The Navajo Tribal Utility Authority, a unit of the nation that provides electric generation, transmission and distribution, did not take a position on NPFA’s Black Mesa projects but said it “looks forward to robust cooperation, communication and transparency” as the developer pursued its application. 

“Despite substantial progress in recent years, thousands of homes on the Navajo Nation still lack access to electricity and other basic services,” the authority told FERC in January 2023. “Accordingly, NTUA recognizes the wide range of benefits that can flow from environmentally, economically and culturally responsible energy development on and around Navajo land, including the creation of well-paying, local jobs for Navajo residents.”  

In addition to its new policy, FERC’s acknowledgment of tribal concerns was reflected in the Office of Public Participation’s annual report, issued Feb. 15, which noted its participation in the Tribal Energy Equity Summit, “Just Transmission for a Just Transition” in Saint Paul, Minn. in May 2023. (See related story, FERC Meets at Howard Law School and Gets Update on OPP Activity.)

FERC Finalizes Winter Reliability Standards from 2021’s Uri

WASHINGTON — FERC has approved new mandatory reliability standards on weatherization that implement recommendations that came out of its and NERC’s joint report on the 2021 outages caused by Winter Storm Uri. 

The outages caused by cold weather that week were worst in Texas, though other grids suffered shorter outages. Overall, 4.5 million people lost power and 210 people died during the storm. 

NERC adopted a two-phase process to implement recommendations from the FERC/NERC joint report on Uri, and FERC’s order Feb. 15 deals with the second phase. 

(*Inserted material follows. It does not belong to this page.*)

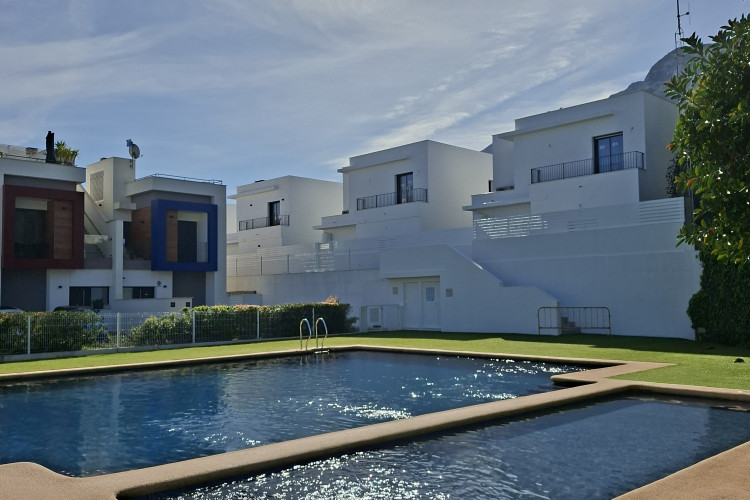 Amplia villa con vistas al Montgó, a un paso del mar y del centro de Denia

The EOP-011-04 standard requires utilities to include critical natural gas infrastructure on their load-shedding plans so they are not shut down due to a lack of power, exacerbating electric outages during cold weather, as happened in Texas. Balancing authorities must develop, maintain and implement operating plans with provisions for excluding critical gas infrastructure from interruptible load, curtailable load and demand response during cold weather. 

NERC also sought approval of standard TOP-002-5, which requires balancing authorities to have an operating process for weather events that includes a method for identifying extreme cold conditions, a method for determining a proper reserve margin for such conditions that takes into account operational limits of generators and a method for determining a five-day hourly forecast that accounts for all relevant operational considerations. 

FERC said ensuring natural gas infrastructure works during cold weather is an improvement over current rules. 

“Doing so will help ensure that deploying these programs in extreme cold weather conditions will not exacerbate natural gas fuel supply issues, which could constrain generating unit capacity and thereby threaten the reliable operation of the bulk power system,” FERC said. 

The proposal gives distribution and transmission providers 30 months to develop a plan, with the clock starting later this year. That led FERC in its order, and commissioners at their regular open meeting, to ask entities that can do so to comply earlier. 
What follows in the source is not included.